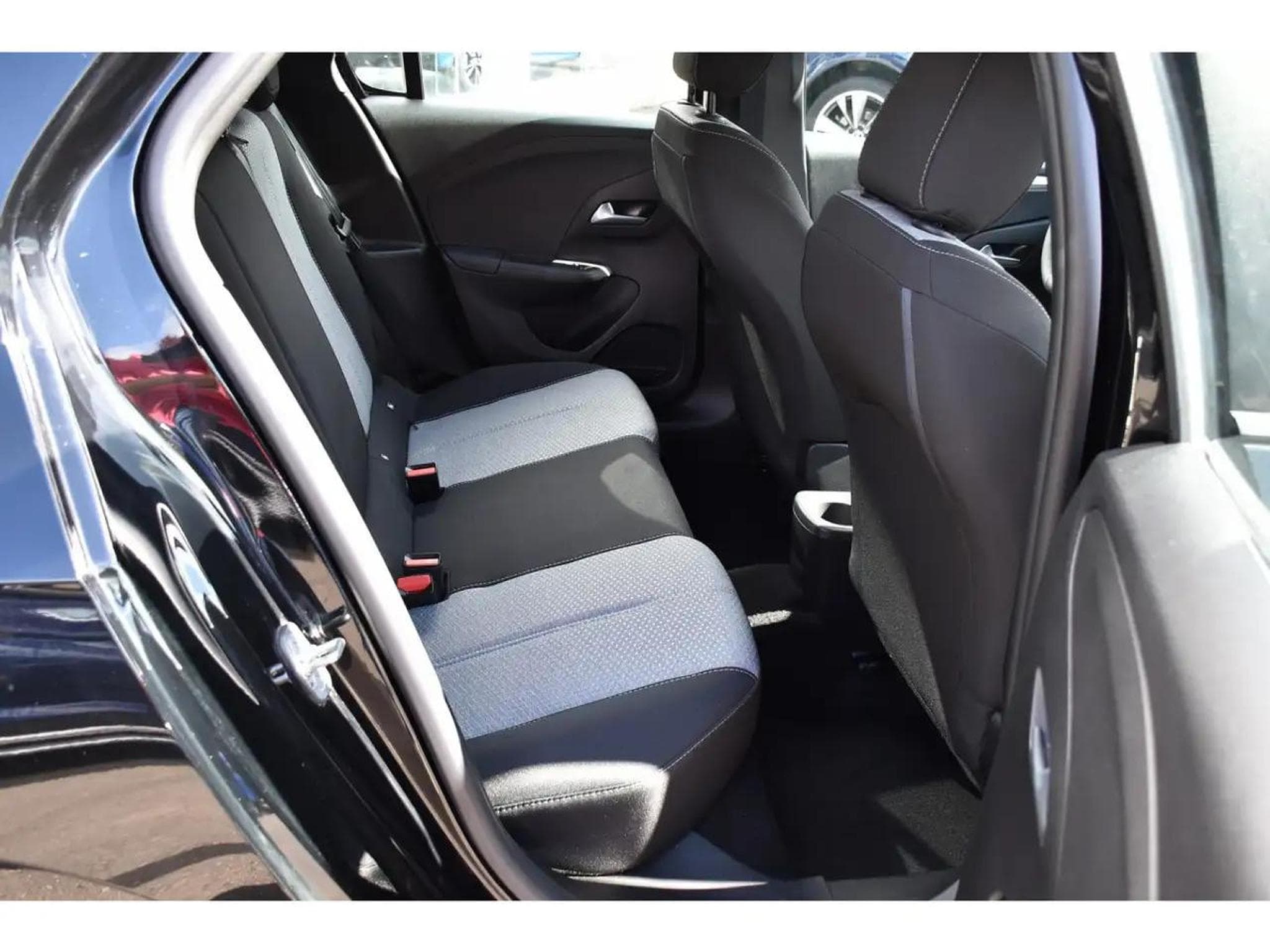Opel Corsa (2025) - Foto 7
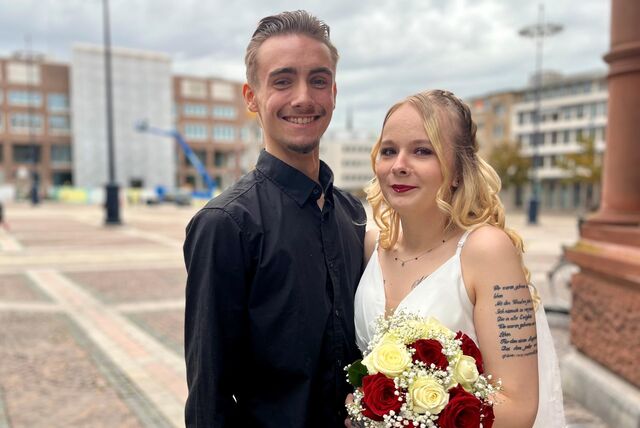 Tony (18) und Sandra (21) aus Dortmund haben geheiratet.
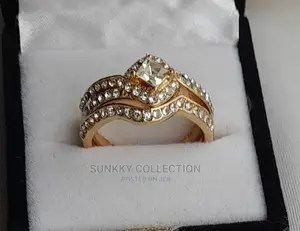 New Zirconia Women Bridal Diamond Wedding Ring. With Case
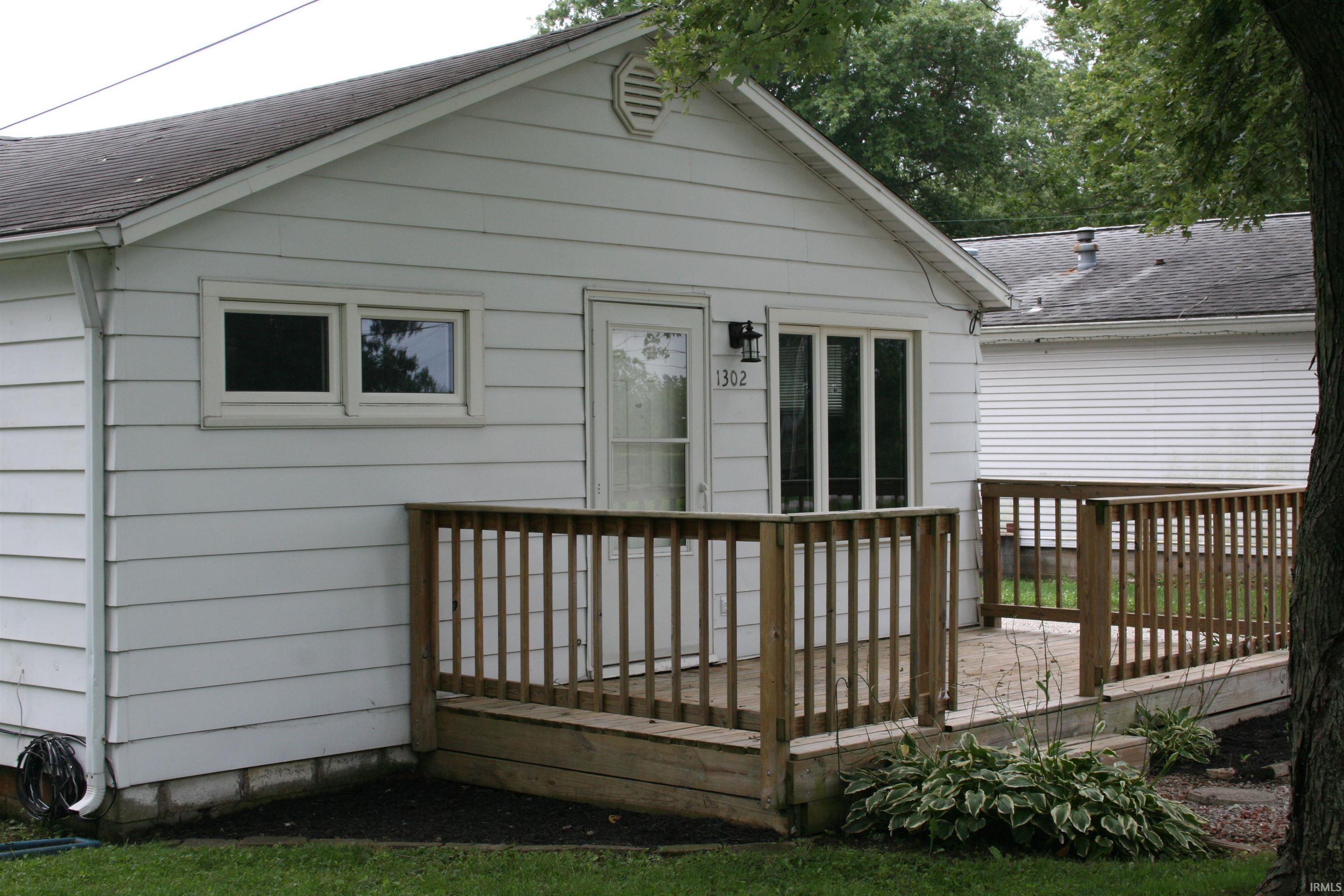 Homes for sale in Muncie, IN | 1302 N Country Club Rd, Muncie, IN 47303 | MLS# 202529651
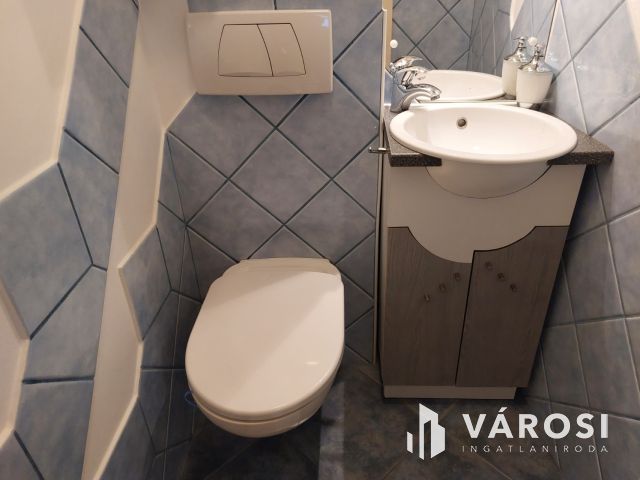Kiadó 4.emeleti, modern, liftes lakás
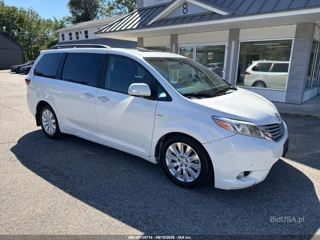 TOYOTA TOYOTA SIENNA LIMITED 7 PASSENGER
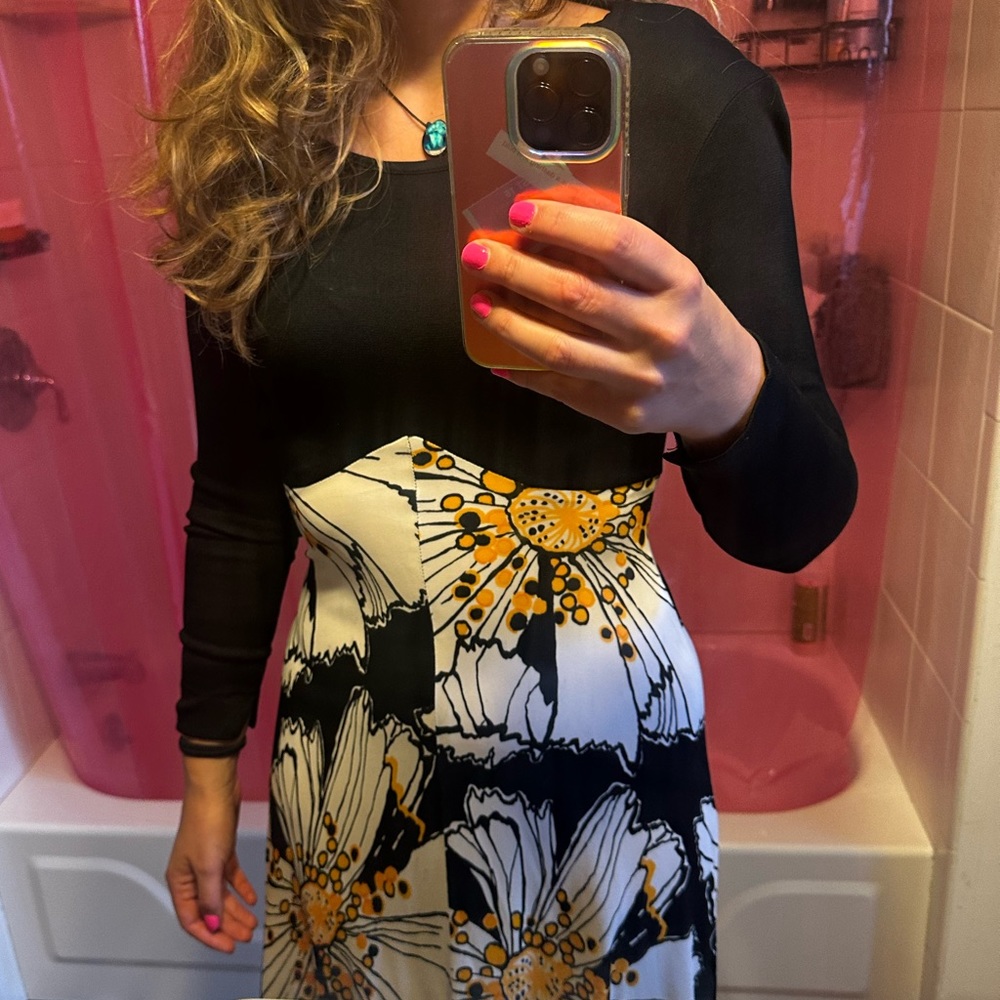gorgeous vintage maxi dress with statement floral skirt 🖤💎🌼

━━━━━━━━━━

- **Problem requirements**
Pictures are not part of the answer. Restate word for word the lines from the one with "Kiadó 4.emeleti, modern, liftes lakás" through the last line of the records.

- **Your response**
Kiadó 4.emeleti, modern, liftes lakás
 TOYOTA TOYOTA SIENNA LIMITED 7 PASSENGER
gorgeous vintage maxi dress with statement floral skirt 🖤💎🌼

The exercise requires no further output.